(Recorded information begins)

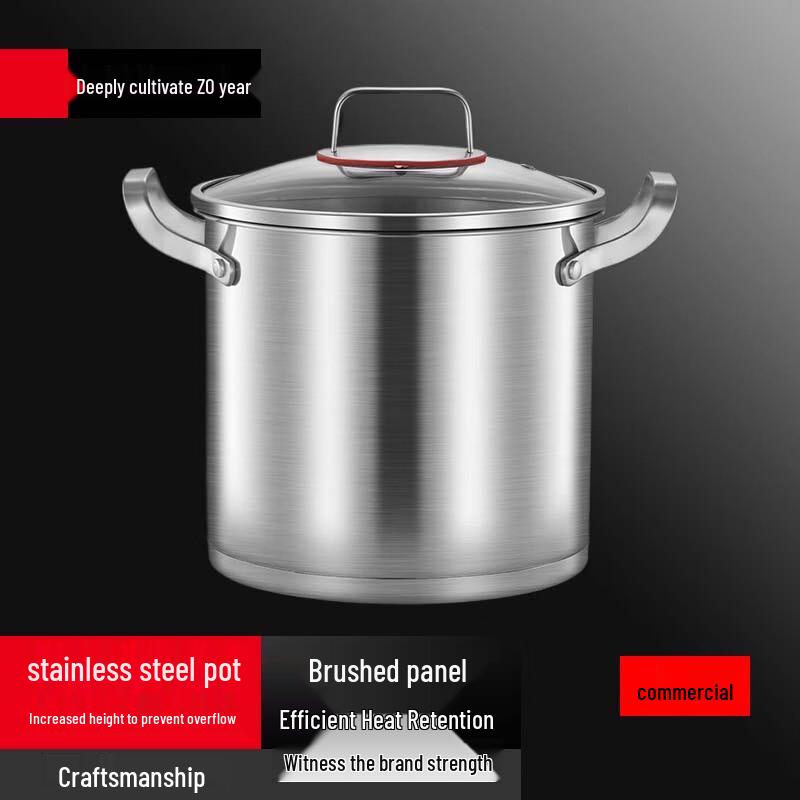 

SuLe 304 Stainless Steel Deep Stock Pot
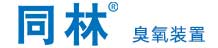 臭氧催化氧化裝置_臭氧反應器_北京同林臭氧實驗裝置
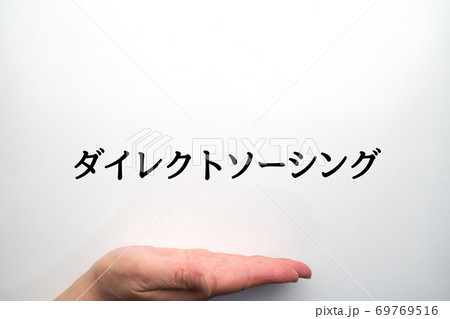 ダイレクトソーシング 69769516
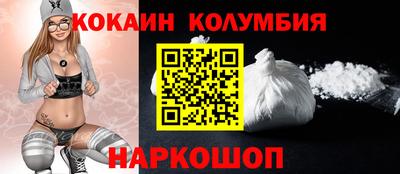 прущий лед Донской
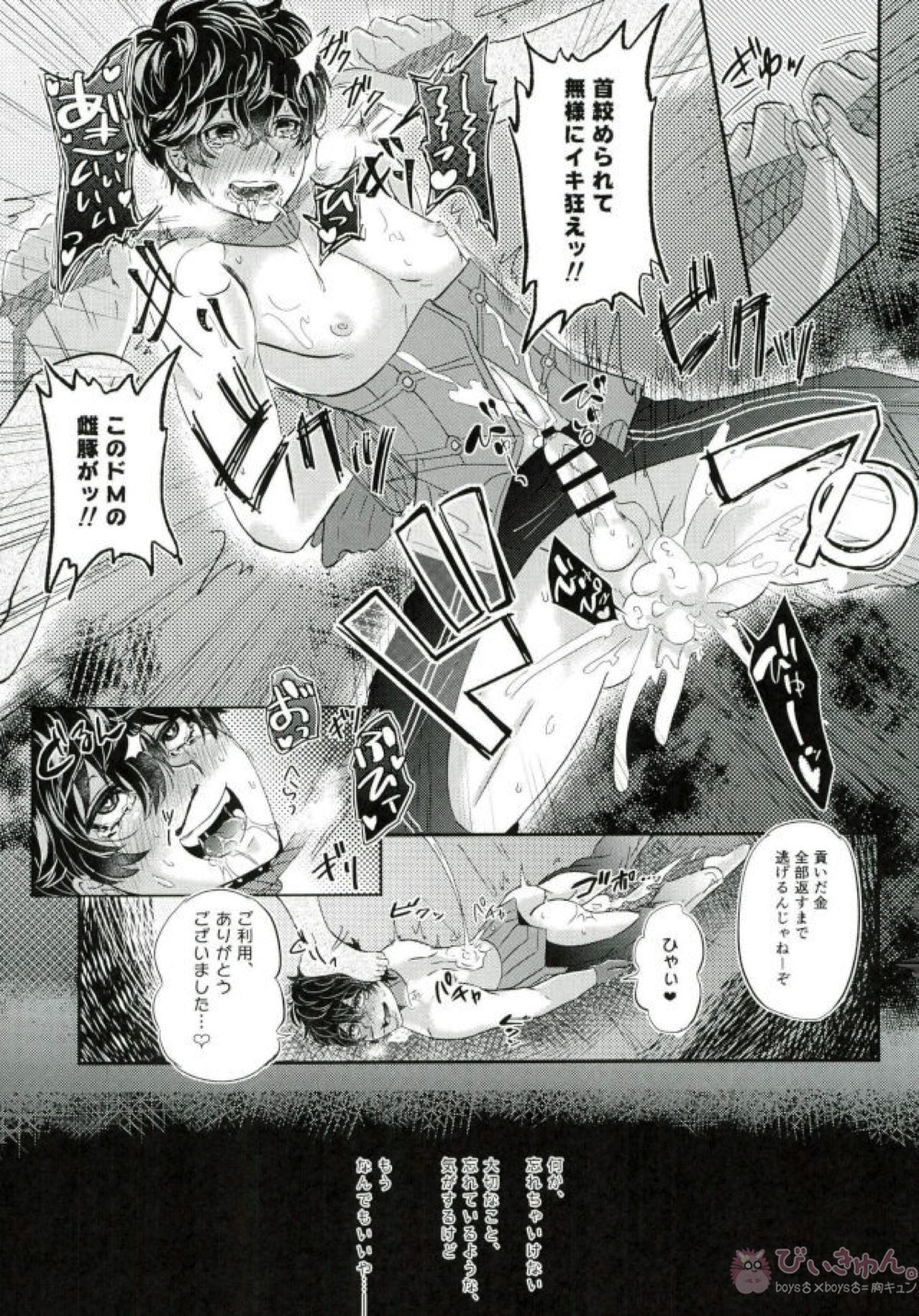 JOKERリフレ【ペルソナ5/モブ主(ペルソナ5)】 page 19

(Recorded information ends)

Task details »
Taking each record in turn, retype it exactly and drop any picture.

Output of the task »
SuLe 304 Stainless Steel Deep Stock Pot
 臭氧催化氧化裝置_臭氧反應器_北京同林臭氧實驗裝置
 ダイレクトソーシング 69769516
 прущий лед Донской
 JOKERリフレ【ペルソナ5/モブ主(ペルソナ5)】 page 19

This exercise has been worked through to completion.